(Recorded data)

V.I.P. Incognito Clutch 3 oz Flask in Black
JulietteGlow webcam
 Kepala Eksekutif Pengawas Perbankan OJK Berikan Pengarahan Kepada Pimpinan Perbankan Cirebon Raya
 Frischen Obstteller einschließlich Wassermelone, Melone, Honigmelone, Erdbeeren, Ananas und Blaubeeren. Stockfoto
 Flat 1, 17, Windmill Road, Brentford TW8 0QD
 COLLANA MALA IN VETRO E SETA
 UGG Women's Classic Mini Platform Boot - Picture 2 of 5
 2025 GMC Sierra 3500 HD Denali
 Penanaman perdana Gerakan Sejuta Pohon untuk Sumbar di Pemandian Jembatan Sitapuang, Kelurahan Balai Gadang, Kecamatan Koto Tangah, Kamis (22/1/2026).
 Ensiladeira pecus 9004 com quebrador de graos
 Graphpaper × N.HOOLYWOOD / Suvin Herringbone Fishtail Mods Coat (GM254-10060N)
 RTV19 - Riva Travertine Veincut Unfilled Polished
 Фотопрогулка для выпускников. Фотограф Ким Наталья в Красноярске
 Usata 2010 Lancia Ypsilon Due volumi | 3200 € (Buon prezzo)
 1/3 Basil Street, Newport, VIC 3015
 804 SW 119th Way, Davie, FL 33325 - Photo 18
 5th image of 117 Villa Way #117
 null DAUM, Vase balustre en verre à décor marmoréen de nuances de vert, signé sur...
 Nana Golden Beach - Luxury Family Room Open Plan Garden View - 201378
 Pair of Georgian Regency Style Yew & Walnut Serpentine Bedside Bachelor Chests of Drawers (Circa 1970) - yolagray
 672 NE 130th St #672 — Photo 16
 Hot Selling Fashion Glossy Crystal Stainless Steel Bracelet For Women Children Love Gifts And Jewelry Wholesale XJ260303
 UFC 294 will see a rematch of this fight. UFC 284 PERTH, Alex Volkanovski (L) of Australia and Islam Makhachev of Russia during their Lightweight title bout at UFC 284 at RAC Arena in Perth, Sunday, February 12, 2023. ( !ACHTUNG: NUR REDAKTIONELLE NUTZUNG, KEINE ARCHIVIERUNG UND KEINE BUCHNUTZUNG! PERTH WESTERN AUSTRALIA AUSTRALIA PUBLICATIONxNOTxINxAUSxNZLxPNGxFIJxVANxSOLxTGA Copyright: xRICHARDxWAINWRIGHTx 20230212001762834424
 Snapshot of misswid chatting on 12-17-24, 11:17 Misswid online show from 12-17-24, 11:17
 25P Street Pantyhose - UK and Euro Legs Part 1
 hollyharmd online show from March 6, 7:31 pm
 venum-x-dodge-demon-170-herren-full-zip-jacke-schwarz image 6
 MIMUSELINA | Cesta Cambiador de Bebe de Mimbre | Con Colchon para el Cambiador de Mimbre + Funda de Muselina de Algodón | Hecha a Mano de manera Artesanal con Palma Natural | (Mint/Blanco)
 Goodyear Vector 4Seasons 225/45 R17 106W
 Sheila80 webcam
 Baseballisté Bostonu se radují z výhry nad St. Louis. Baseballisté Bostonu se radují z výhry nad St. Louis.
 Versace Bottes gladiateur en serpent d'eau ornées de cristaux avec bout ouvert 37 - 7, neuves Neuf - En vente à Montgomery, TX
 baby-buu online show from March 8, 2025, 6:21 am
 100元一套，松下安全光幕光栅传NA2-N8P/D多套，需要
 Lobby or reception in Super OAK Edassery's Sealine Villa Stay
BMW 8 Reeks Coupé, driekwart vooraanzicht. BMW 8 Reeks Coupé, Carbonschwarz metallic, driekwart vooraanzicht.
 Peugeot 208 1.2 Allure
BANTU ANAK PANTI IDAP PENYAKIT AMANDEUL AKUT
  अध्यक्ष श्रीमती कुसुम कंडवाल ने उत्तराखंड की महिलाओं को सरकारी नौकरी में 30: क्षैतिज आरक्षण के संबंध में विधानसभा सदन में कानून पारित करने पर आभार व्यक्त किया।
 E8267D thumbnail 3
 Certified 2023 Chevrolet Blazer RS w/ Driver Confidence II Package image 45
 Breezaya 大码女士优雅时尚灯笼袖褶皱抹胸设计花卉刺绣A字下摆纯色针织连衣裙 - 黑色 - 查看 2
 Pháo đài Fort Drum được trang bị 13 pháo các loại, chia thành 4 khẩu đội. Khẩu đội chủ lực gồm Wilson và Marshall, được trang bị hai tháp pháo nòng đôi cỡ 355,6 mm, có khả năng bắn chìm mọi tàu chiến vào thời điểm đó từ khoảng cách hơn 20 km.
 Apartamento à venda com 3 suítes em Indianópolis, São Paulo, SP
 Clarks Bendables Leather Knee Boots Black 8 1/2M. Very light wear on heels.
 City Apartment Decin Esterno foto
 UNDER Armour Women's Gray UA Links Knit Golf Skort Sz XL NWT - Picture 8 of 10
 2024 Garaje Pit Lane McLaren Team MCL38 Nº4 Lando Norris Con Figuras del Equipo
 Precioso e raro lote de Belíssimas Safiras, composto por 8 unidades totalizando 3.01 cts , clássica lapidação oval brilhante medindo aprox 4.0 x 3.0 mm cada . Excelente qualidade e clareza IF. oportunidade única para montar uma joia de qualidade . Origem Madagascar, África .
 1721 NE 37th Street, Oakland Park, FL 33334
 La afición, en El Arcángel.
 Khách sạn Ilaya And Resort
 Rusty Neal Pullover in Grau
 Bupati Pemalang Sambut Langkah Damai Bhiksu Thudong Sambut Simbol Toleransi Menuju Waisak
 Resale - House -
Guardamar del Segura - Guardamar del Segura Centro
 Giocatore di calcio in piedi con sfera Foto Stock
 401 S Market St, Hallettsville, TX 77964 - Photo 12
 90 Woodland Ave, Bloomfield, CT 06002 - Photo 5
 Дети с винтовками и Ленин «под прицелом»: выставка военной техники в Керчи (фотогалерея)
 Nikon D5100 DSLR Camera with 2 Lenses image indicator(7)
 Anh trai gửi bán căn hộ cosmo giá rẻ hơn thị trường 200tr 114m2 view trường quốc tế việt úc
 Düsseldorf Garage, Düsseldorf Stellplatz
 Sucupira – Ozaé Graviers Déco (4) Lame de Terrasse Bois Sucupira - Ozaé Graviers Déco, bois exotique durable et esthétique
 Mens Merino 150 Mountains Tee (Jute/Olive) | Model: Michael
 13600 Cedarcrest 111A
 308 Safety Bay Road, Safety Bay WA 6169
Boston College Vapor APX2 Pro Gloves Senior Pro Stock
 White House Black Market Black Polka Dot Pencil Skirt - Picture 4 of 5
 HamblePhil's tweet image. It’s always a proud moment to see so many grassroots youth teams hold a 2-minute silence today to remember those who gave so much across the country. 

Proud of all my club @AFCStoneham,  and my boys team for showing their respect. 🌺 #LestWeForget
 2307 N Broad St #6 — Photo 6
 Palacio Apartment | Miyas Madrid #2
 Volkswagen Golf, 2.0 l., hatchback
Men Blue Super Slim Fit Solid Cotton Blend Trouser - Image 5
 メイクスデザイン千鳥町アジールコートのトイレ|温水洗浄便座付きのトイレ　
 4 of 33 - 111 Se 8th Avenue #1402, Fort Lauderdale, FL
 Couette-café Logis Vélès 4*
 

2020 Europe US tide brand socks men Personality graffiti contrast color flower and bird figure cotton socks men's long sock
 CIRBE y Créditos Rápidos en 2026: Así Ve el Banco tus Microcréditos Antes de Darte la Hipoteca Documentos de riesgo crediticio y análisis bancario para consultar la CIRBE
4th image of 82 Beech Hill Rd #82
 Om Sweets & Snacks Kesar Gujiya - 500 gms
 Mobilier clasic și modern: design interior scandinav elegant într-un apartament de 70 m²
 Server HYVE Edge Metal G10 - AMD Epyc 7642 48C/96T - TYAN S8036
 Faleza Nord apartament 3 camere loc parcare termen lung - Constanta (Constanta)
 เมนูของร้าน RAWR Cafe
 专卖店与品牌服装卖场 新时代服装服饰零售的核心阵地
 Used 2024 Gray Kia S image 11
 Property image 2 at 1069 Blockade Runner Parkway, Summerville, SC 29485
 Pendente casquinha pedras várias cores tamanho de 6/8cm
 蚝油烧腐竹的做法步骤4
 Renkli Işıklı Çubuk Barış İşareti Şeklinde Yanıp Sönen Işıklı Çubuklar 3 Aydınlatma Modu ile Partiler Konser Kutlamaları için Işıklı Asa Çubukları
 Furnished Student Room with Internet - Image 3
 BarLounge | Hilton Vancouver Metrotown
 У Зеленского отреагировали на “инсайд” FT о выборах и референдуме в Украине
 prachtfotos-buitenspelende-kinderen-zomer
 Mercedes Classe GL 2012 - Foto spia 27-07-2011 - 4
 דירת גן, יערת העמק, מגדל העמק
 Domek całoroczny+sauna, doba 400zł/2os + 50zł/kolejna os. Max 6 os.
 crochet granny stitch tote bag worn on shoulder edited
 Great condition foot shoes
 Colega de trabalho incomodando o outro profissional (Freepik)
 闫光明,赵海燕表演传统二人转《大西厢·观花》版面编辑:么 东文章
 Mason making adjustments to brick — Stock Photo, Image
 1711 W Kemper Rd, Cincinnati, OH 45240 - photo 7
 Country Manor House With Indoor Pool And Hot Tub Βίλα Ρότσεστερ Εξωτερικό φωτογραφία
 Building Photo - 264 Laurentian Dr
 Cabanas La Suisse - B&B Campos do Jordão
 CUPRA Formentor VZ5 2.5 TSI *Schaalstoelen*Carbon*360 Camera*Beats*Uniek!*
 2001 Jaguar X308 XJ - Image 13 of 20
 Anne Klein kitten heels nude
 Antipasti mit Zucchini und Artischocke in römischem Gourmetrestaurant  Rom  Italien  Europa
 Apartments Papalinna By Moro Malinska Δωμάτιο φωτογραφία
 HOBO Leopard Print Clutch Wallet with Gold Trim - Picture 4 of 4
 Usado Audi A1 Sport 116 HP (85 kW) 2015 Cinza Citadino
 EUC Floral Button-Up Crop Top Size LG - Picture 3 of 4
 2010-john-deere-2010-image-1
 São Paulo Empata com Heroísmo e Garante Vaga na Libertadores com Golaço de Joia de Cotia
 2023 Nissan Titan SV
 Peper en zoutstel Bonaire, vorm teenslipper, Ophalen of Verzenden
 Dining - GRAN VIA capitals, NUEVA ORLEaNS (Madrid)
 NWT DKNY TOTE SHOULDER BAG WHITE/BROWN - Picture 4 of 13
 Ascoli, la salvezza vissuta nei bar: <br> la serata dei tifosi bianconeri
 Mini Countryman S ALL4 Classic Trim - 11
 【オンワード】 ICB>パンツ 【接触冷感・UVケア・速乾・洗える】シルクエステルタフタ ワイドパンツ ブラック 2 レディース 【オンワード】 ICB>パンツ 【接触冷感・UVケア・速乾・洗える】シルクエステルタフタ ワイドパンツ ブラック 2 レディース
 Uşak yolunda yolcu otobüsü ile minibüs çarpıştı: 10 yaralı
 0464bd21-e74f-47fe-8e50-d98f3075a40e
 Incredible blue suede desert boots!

### PROBLEM
Give an exact copy of every line from the one holding "0464bd21-e74f-47fe-8e50-d98f3075a40e" through the end of the records, both included, and no other lines.

### OUTPUT
 0464bd21-e74f-47fe-8e50-d98f3075a40e
 Incredible blue suede desert boots!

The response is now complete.